Strike that. His first concern was Morgan not passing out.
The missile that the AIC pilot fired tried its best to keep up. Made to lock onto the energy signature of the ship, it chose the rear thrust exhaust. Problem was, they moved so fast during the double helix that the projectile struggled to keep up. Eventually it was overwhelmed and flew off course.
“Hold on!” Morgan said.
Ben was just barely avoiding unconsciousness, and had to assume the same of Morgan. Her words were slurred. But she managed to wrestle the Lost back under control, then flared the thrusters to come to a hard stop. The whole vessel shook.
Francesca threw up, and Ben just barely kept from doing the same. Tomas was gritting his teeth like he was trying to cut steel with his jaw.
The errant missile slammed into the side of a freighter ship.
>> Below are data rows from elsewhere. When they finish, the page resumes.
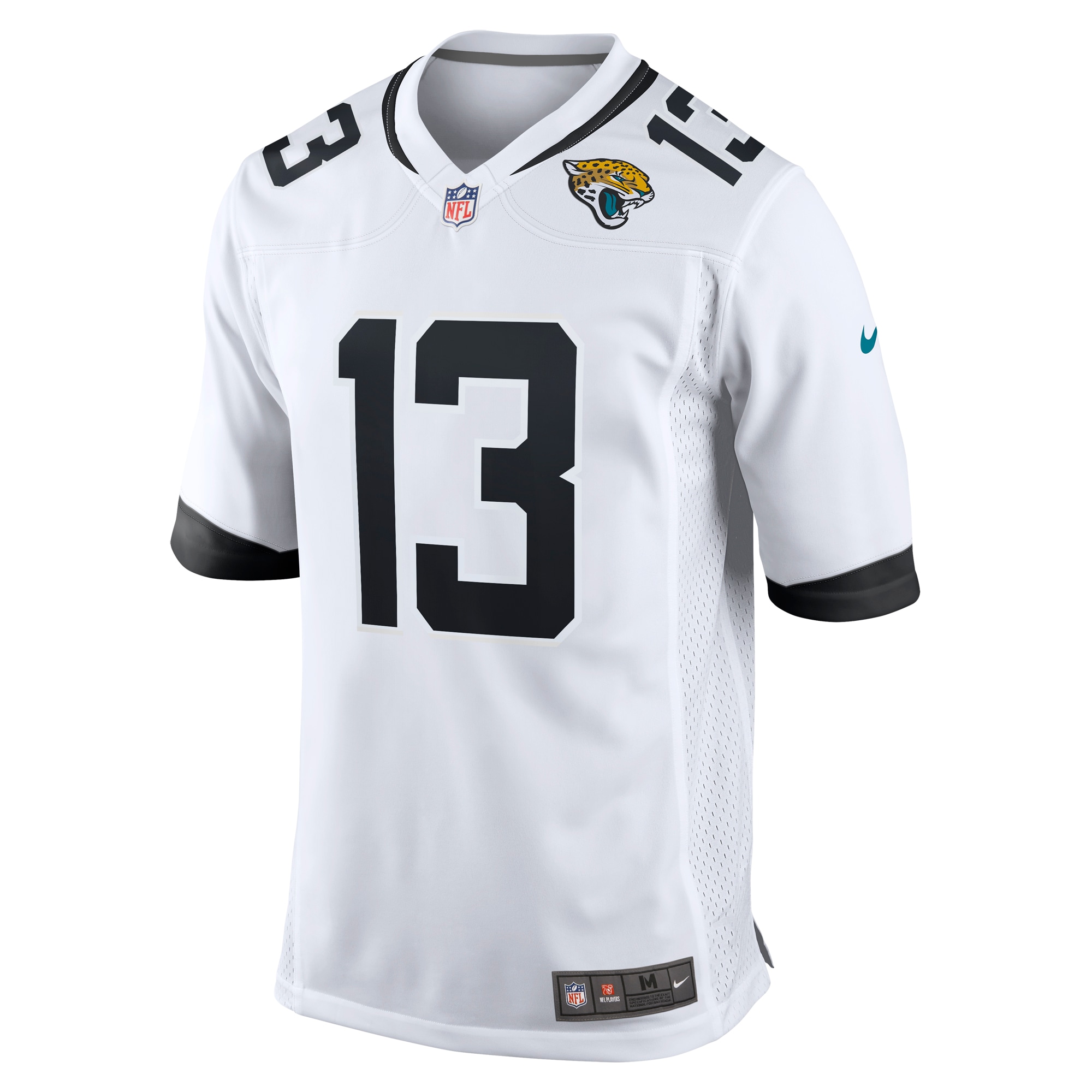 mens nike christian kirk white jacksonville jaguars game jersey Collection – Jacksonville Jaguars Jerseys, Hats & Fan Gear | Jaguars Shop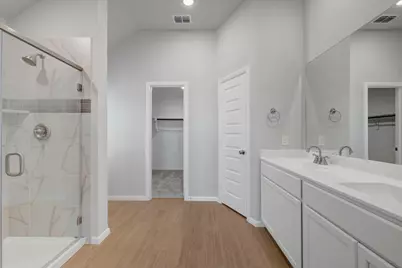 1604 Etosha Drive, Royse City, TX 75189 - Photo 28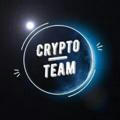 Crypto Team 📊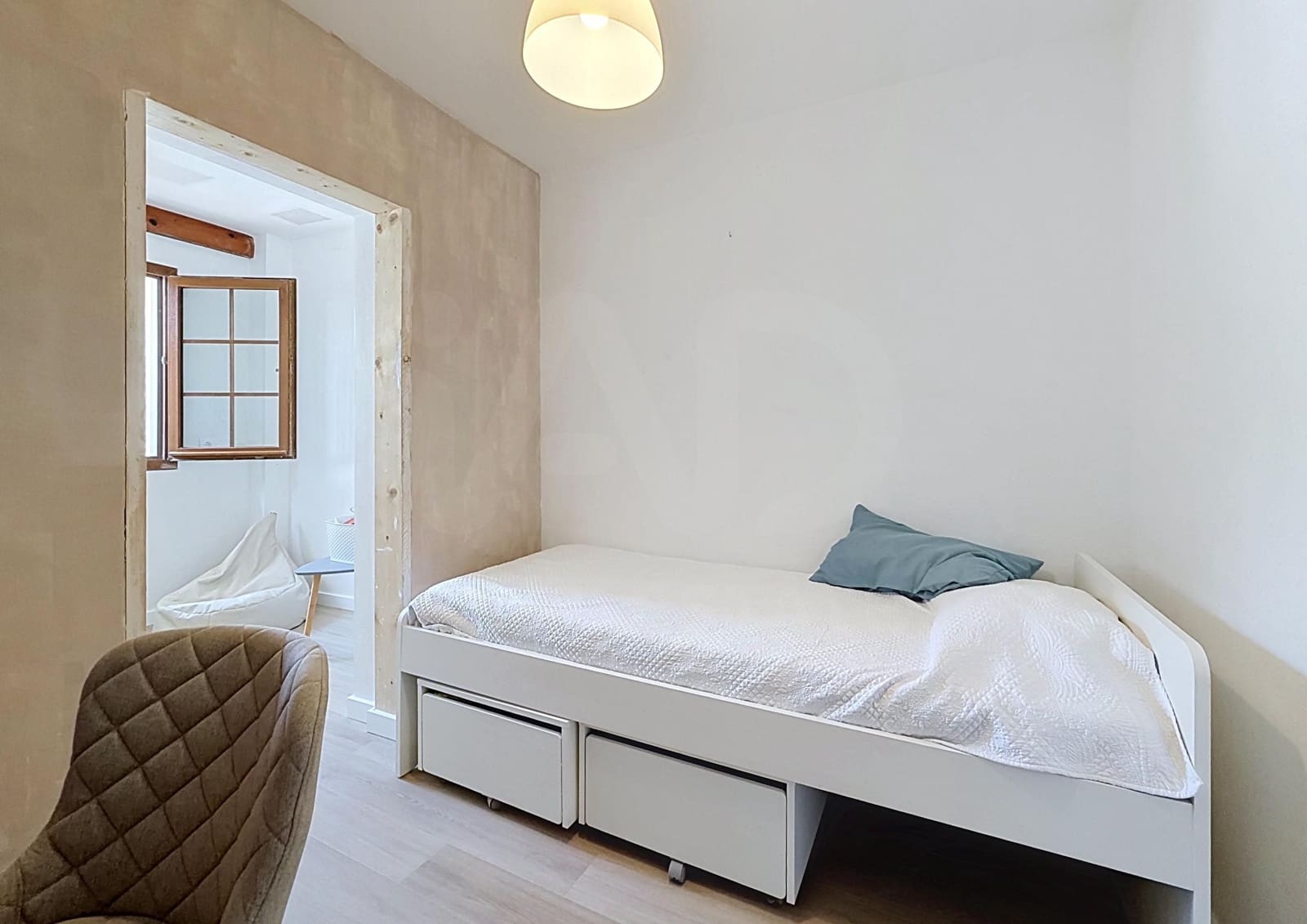 5 Zimmer Haus zu verkaufen in Barcelona Stadt - 645.000 € (Ref: 9987437)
It was so big that it wasn’t catastrophic, but someone would have to fool thems
elves to think the impact didn’t cost some people their lives. It was clearly collateral damage the AIC fighter pilot was willing to live with.
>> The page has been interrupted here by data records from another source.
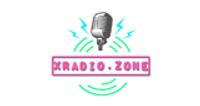 XRadio logo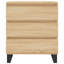 Manoj Side Table-1240085445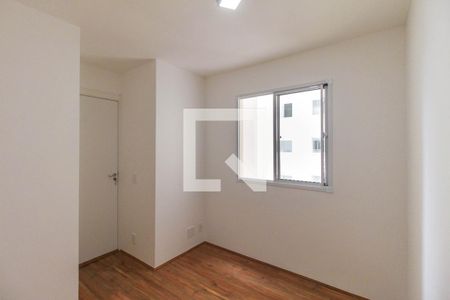 Apartamento para alugar com 32m², 2 quartos e sem vaga Apartamento para alugar com 32m², 2 quartos e sem vagaQuarto 1
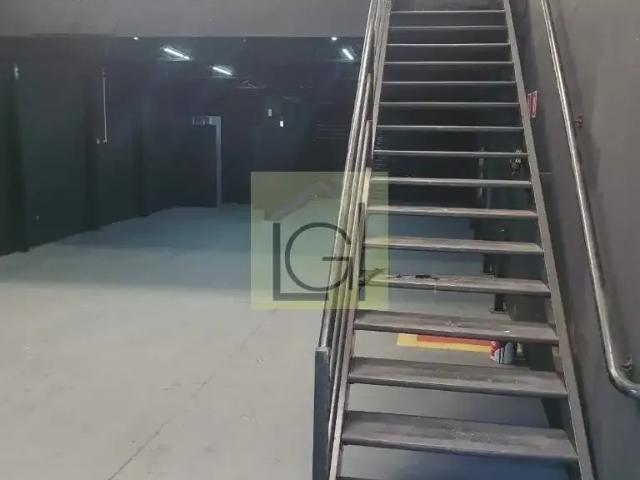 Casa aluguel em Região Imediata de Sorocaba, Região Metropolitana de Sorocaba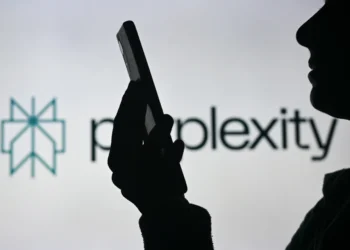 Perplexity, “Comet” Adında Yeni Bir Web Tarayıcısı Üzerinde Çalışıyor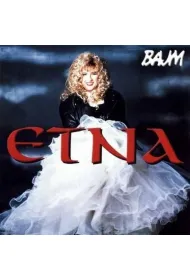 Etna CD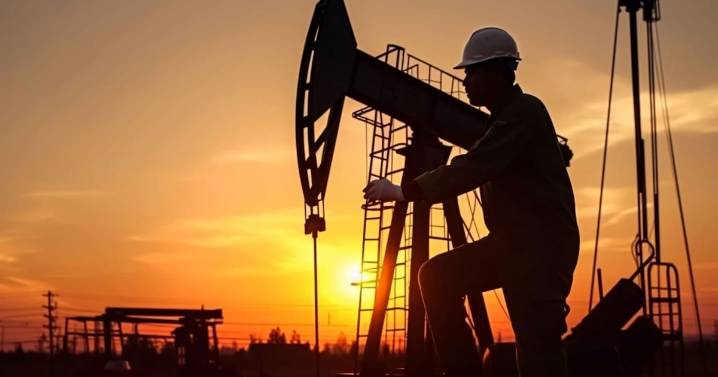 Día del Petróleo Argentino: desafíos para un futuro energético sostenible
Morgan was flying at full thrust now, moving recklessly fast, weaving in and out of the line of ships. Ben sensed she was pushing the Lost as fast as she possibly could, making everything inside vibrate. It felt like it was gonna shake apart.
The impact to the freighter seemed to affect the AIC fighters. The both started to fall back. Ben had to assume there were professional, and probably legal, repercussions. At some point, the risk-reward ratio for tagging an unregistered raider-class ship trying to illegally enter the planet’s atmosphere began to tip in their favor, and the fighters backed off.
Ben exhaled loudly. He wasn’t sure when he’d started holding his breath, but it had been a while.
When he looked over at Morgan, Ben saw that she was hyper-focused. When he looked back up at the viewscreen, he was glad she was. She’d come within feet of colliding with two different cruisers that were closing ranks.
Clearly the word was out that something very wrong was happening at the gate. The line of ships was beginning to shift chaotically.
Ben looked out the Lost’s front viewing window and was stupefied. How the hell is she weaving through all those ships without hitting a single one? He could feel himself getting queasy with all the rapid movement. Left, right, up, down.
“You sure you got this?” asked Ace. He looked to be in worse shape than Ben. Both his hands were wrapped tightly around his seat’s armrest. His face was white as a ghost.
“We’re almost there,” Morgan murmured, not breaking her concentration.
Up ahead, Ben could see the gate entrance. He wondered how the hell they were going to get past it, because the huge freighter that had been holding the gate open was backing out now and shifting sideways. Ben suspected that the ship was getting directed to block their path by the traffic controllers.
There was a fairly small opening in the Vassar-1 shields. It was held open by a hexagon-shaped mechanical structure, almost like a mini space station. That structure was lined with turrets. When ships reached that point, they had their vessels scanned for illicit goods or stowaways, questioned by the planetary guard, and then, depending on what they found or what a crew’s answers were, they were either let in or told in no uncertain terms to turn and leave before they were blown away.